Search code examples
rmapsstringr

How to identify all country names mentioned in a string and split accordingly?


I have a string that contains country and other region names. I am only interested in the country names and would ideally like to add several columns, each of which contains a country name listed in the string. Here is an exemplary code for the way the dataframe lis set up:

df <- data.frame(id = c(1,2,3),
                 country = c("Cote d'Ivoire Africa Developing Economies West Africa",
                              "South Africa United Kingdom Africa BRICS Countries",
                             "Myanmar Gambia Bangladesh Netherlands Africa Asia"))

If I only split the string by space, those countries which contain a space get lost (e.g. "United Kingdom"). See here:

df2 <- separate(df, country, paste0("C",3:8), sep=" ") 

Therefore, I tried to look up country names using the world.cities dataset. However, this only seems to loop through the string until there is non-country name. See here:

library(maps)
library(stringr)
all_countries <- str_c(unique(world.cities$country.etc), collapse = "|")
df$c1 <- sapply(str_extract_all(df$country, all_countries), toString)

I am wondering whether it's possible to use the space a delimiter but define exceptions (like "United Kingdom"). This might obviously require some manual work, but appears to be most feasible solution to me. Does anyone know how to define such exceptions?

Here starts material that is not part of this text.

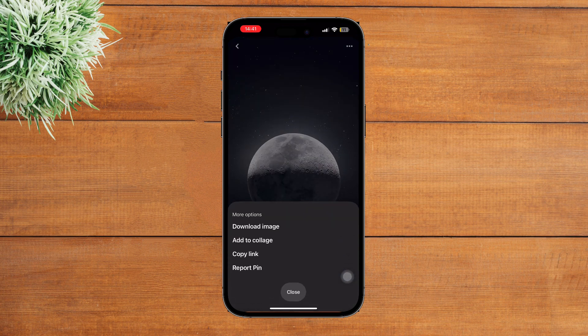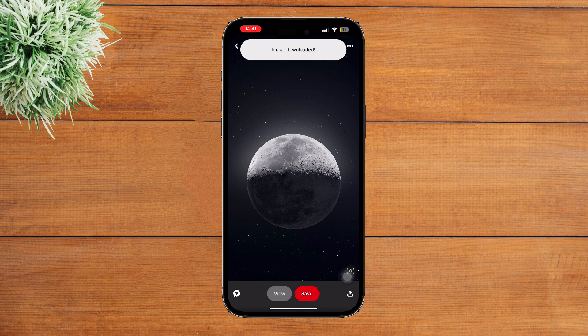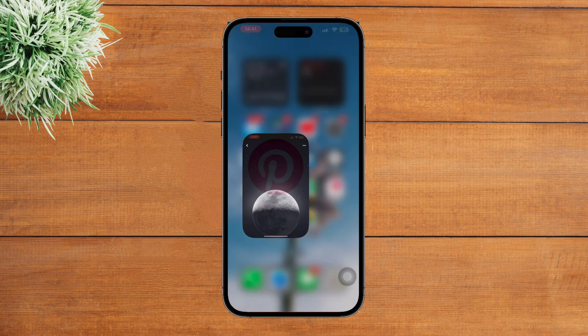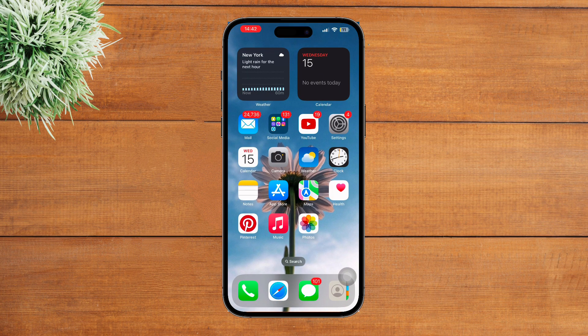Now simply tap on the three dots at the top right corner and tap on 'Download Image.' You can see that this image has been downloaded.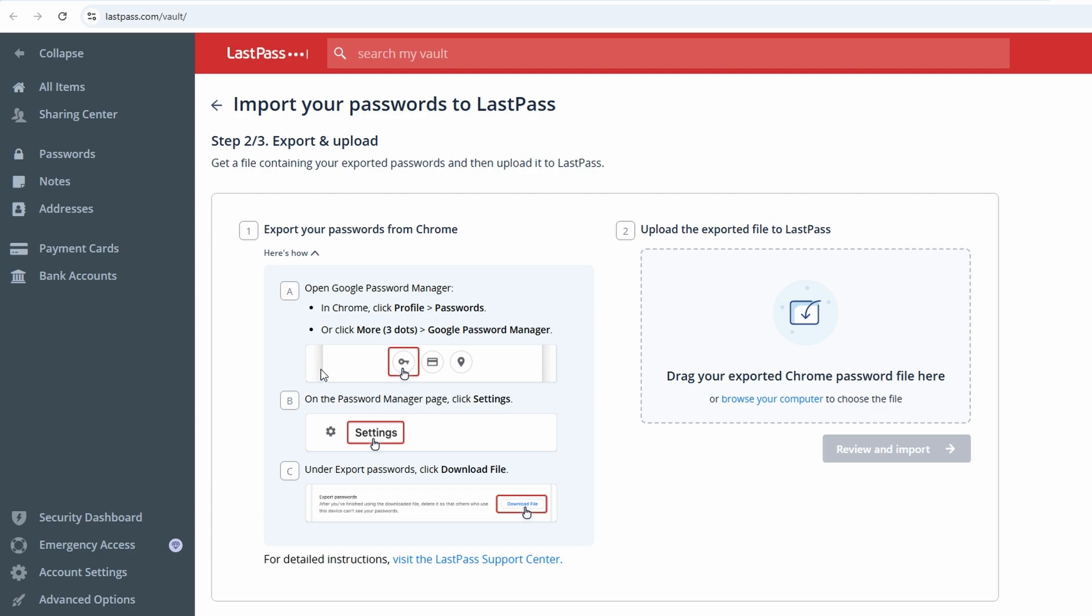Once your passwords are securely saved in LastPass, the extension takes over to make logging in a breeze. When you visit a website's login page, you'll notice the LastPass icon appear directly within the username or password fields. Simply click on the icon, and LastPass will automatically fill in your saved credentials for that site. If you have multiple accounts saved for the same platform, LastPass provides a drop-down menu to let you choose which account to use. Hover over the options, select the one you need, and LastPass will auto-fill the fields instantly.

I am of course also open to and thankful for any other solutions.

UPDATE:

I figured out another solution using the countrycode package:

library(countrycode)
countries <- data.frame(countryname_dict)
countries$continent <- countrycode(sourcevar = countries[["country.name.en"]],
                                   origin = "country.name.en",
                                   destination = "continent")

africa <- countries[ which(countries$continent=='Africa'), ]

library(stringr)
pat <- paste0("\\b", paste(africa$country.name.en , collapse="\\b|\\b"), "\\b")
df$country_list <- str_extract_all(df$country, regex(pat, ignore_case = TRUE))

Solution

  • You could do:

    library(stringi)
    vec <- stri_trans_general(countrycode::codelist$country.name.en, id = "Latin-ASCII")
    stri_extract_all(df$country,regex = sprintf(r"(\b(%s)\b)",stri_c(vec,collapse = "|")))
    [[1]]
    [1] "Cote d'Ivoire"
    
    [[2]]
    [1] "South Africa"   "United Kingdom"
    
    [[3]]
    [1] "Gambia"      "Bangladesh"  "Netherlands"